2008/9/17 Michiel van Baak <[EMAIL PROTECTED]>:
> On 21:39, Wed 17 Sep 08, Reyk Floeter wrote:
>> Hi!
>>
>> On Wed, Sep 17, 2008 at 05:45:23PM +0200, Mikael Jansson wrote:
>> > I use relayd with redirects to loadbalance between two webservers
>> > one redirect is used for http requests and the other for https.
>> > the redirects looks like the following:
>> >
>> > redirect web_http {
>> >   listen on $ext_ip1 port http
>> >   sticky-address
>> >   forward to <webservers> port http check script "/usr/local/sbin/chksrvs"
>> > }
>> >
>> > redirect web_https {
>> >   listen on $ext_ip1 port https
>> >   sticky-address
>> >   forward to <webservers> port https check script "/usr/local/sbin/chksrvs"
>> > }
>> >
>> > The redirects works fine separately and sticks to the same machine,
>> > but when the user navigates from http to https the requests sometimes
>> > move over to the other machine.  I need the same source-ip to always
>> > stay on the same server regardless of which destination port (http or 
>> > https)
>> > is being used.  Any suggestions on how to achive this would be greatly
>> > appreciated.
>> >
>>
>> it does not work without a patch.  the problem is that the pf Source
>> Tracking table includes a reference to the rule but your example above
>> will load two different rules into pf - one matching http and another
>> one matching https.
>>
>> the trick is to combine both statements into one rule.  we don't
>> support "port tables" in pf yet (which whould be very helpful in many
>> cases) but there is support for a port range.  so the "hack" is to
>> allow port ranges in the relayd redirection block
>>
>> redirect web {
>>       listen on $ext_ip1 port 80:443
>>       sticky-address
>>       forward to <webservers> port http check script 
>> "/usr/local/sbin/chksrvs"
>> }
>>
>> note that this will match any traffic in the 80 - 443 port range, make
>> sure that you add additional pf rules to filter any other ports except
>> 80 and 443.  but it works with Source Tracking and should allow your
>> clients to move between http and https on the same server.  another
>> limitation is that it only runs checks on one of the ports.
>
> ugh, this looks ugly ;)
> Instead of going this route I would say: find the source of why the
> visitor should access the same host, and solve that.
>
> We use relayd in front of 6 servers, doing http and https.

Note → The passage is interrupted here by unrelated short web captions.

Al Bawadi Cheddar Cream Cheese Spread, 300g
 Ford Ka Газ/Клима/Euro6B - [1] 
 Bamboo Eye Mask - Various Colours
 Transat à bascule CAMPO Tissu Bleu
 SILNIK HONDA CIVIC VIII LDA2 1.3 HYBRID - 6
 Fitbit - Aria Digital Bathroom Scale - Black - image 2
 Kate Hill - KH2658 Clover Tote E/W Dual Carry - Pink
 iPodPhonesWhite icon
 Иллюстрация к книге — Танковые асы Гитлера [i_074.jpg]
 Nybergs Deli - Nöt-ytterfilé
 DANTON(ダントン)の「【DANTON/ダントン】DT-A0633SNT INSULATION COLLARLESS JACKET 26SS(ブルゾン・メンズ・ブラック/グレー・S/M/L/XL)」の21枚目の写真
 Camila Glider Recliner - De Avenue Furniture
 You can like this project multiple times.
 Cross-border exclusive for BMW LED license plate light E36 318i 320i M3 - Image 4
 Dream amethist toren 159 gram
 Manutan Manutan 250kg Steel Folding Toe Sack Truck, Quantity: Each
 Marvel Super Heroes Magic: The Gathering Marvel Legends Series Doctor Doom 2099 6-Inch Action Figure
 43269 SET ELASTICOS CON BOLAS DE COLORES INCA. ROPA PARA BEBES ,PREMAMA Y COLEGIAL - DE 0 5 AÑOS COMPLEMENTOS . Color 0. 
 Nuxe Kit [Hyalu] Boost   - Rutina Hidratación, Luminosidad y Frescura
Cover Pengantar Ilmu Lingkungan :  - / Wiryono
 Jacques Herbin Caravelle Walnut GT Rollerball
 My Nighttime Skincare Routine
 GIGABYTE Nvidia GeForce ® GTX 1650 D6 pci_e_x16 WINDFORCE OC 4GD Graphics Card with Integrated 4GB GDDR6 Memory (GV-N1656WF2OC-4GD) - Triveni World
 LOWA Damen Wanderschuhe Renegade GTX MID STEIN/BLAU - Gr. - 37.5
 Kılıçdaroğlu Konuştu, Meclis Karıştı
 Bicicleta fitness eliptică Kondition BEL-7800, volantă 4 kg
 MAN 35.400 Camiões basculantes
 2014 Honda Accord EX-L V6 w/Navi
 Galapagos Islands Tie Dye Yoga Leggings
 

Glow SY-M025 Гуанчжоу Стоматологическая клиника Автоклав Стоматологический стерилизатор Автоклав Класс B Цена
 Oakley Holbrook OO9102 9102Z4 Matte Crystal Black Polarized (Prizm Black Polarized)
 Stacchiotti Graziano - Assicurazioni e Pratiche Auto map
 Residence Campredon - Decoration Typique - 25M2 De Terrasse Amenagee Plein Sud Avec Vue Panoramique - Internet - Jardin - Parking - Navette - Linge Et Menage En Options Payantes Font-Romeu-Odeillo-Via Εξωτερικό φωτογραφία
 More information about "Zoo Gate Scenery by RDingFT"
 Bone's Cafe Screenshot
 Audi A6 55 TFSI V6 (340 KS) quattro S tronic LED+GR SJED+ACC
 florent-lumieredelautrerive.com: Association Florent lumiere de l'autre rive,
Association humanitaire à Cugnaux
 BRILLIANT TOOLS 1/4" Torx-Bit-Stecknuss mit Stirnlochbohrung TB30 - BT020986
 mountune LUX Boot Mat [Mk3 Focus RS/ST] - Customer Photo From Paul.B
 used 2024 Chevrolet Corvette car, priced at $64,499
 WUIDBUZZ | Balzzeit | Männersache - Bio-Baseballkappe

> It doesn't matter what backend box the user go. Hell, they can even go
> to another box on a reload.
> This of course means we are storing sessions etc on shared storage (NFS
> in our case, and the new sharedance port looks like an alternative for
> that)
>
> --
>
> Michiel van Baak
> [EMAIL PROTECTED]
> http://michiel.vanbaak.eu
> GnuPG key: http://pgp.mit.edu:11371/pks/lookup?op=get&search=0x71C946BD
>
> "Why is it drug addicts and computer aficionados are both called users?"